The ladies followed the hunt of Louis XIV on horseback, seldom, if ever, in the older manner of sitting behind their cavalier on the same steed. From the time of Catherine de Medici, indeed, the Italian side-saddle had become the fashion for women.

Under Louis XV the ladies sought a little more comfort, and followed the equipage sitting in a sort of hamper-like, diminutive basket, hung from the broad back of a sturdy quadruped. Dresses became more fanciful, both in materials and colours. From this it was but a step to even more elaborate toilettes which necessitated a conveyance of some sort on wheels, but the most intrepid still clung to the traditionally classic methods. Marie Antoinette had her equipage de chasse, and Madame Durfort was constantly abroad in the forests of Montmorency and Boissy, directing the operation of eight or ten professional huntsmen. Among her guests were frequently the ambassadors of Prussia, Russia and Austria.

In the time of Louis XIV the Comtesse de Lude devoted herself to the hunt with a frenzy born of an inordinate enthusiasm. At the head of a pack of hounds she knew no obstacle, and, on one occasion, penetrated on horseback, followed by her dogs, into the oratory of the nuns of the Convent of Estival.

By the end of the seventeenth century the hunt in France had become no more a sport for ladies. Hunting was still a noble sport, but it was more for men than for women. The court hunted not only in royal company, but accepted invitations from any seigneur who possessed an ample preserve and who could put up a good kill; magistrates, financiers and bishops, indeed all classes, became followers of the hunt.

Montgaillard tells of a hunt in which he took part on the feast day of Saint Bernard, with the monks of the Bernardin Convent in Languedoc. In the episcopal domain of Saverne six hundred beaters were employed on one occasion to provide sport for an assembled company of lords and ladies. These were the days when the bishops were in truth Grand Seigneurs.

The women of the court, while they played the game, ceded nothing to the men in bravery. Neither rain, hail nor snow frightened them. On the 28th of June, 1713, Louis XIV was hunting the deer at Rambouillet when a terrific, cyclonic storm fell upon the equipage, but not a man nor woman in the monarch's party quit. The Duchesse de Berry was "wet to the skin," but her ardour for the hunt was not in the least cooled.

To-day at Fontainebleau or Rambouillet the echo is sounded from the hunting horn of Labaudy, the sugar-king, who pulls off at least two "hunts," with his spectacular equipage, each year, and it is a sight too; a French hunting party was ever picturesque, and if to-day not as practical as the more blood-loving Englishman's hunt, is at least traditionally sentimental, even artificial to the extent, at any rate, that it seems stagy, even to the inclusion of the automobiles which bring and carry away the participants. "Other days, other ways" never had a more strict application than to la chasse a courre in France.

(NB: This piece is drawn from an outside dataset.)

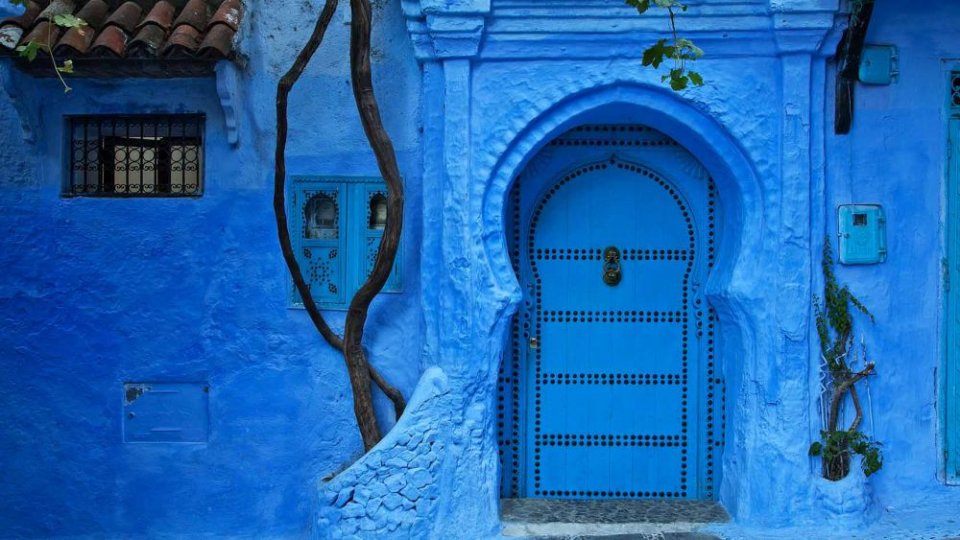 1581267925 267 Chefchaouen Moroccan calls you the magic of degrees blue - Chefchaouen Moroccan calls you the magic of degrees blue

Two accounts are here given of two comparatively modern figures in the French hunting field, which show the great store set by the sport in France.

In the annals of the Chateau de Grosbois, belonging to-day to the Prince de Wagram, are the accounts of an early nineteenth century hunt, which shows that the game cost dear. The "Grand Veneur" of the Napoleonic reign was a master sportsman, indeed, and to-day, in a gallery of the chateau, are preserved the guns of the master, his hunting crop and saddle, his "colours" and his hunting horn.

From the registers of the chateau, under date of December 10, 1809, the following, which concerned a hunting party given by the chatelain, is extracted verbatim.

Note of the Maitre d'Hotel for collations for the guests 8,226 francs

Illuminations 1,080 francs

Gratifications to the beaters 1,000 francs

Eau de Cologne for the ladies 30 francs

Gun-bearers 148 francs

Helpers (150) 600 francs

Aids (200) 315 francs

Another hunt was given in 1811, in honour of Napoleon, when such items as three thousand francs for an orchestra, a like sum for bouquets for the ladies, a thousand or two for bonbons and fans, and twelve thousand for hired furniture, etc., to say nothing of the expenses of the hunt itself, made the bag somewhat costly. It was not always easy for the master of the hunt to get justice when it came to paying for his supplies, and in these same records a mention of a dozen leather breeches at a hundred and forty francs each was crossed off and a marginal note, Non, added in the hand of Marechal Berthier, Prince de Wagram, himself.

The chief figure in the French hunting world of to-day is another descendant of the Napoleonic portrait gallery, Prince Murat. At the age of twelve the young Prince Joachim had already followed the hounds at Fontainebleau and Compiegne. In his double quality of relative and companion of the Prince Imperial he was one of the chiefs of the equipment of the Imperial Hunt. To-day, though well past the span of life, he is as active and as enduring in his participation in the strenuous sport as many a younger man and his knowledge of the grand art of venerie, and his ardour for being always ahead with the hounds, is noted by all who may happen to see him while jaunting through the Foret de Compiegne, keeping well up with the traditions of his worthy elder, the "Premier Cavalier" of the First Empire, the King of Naples.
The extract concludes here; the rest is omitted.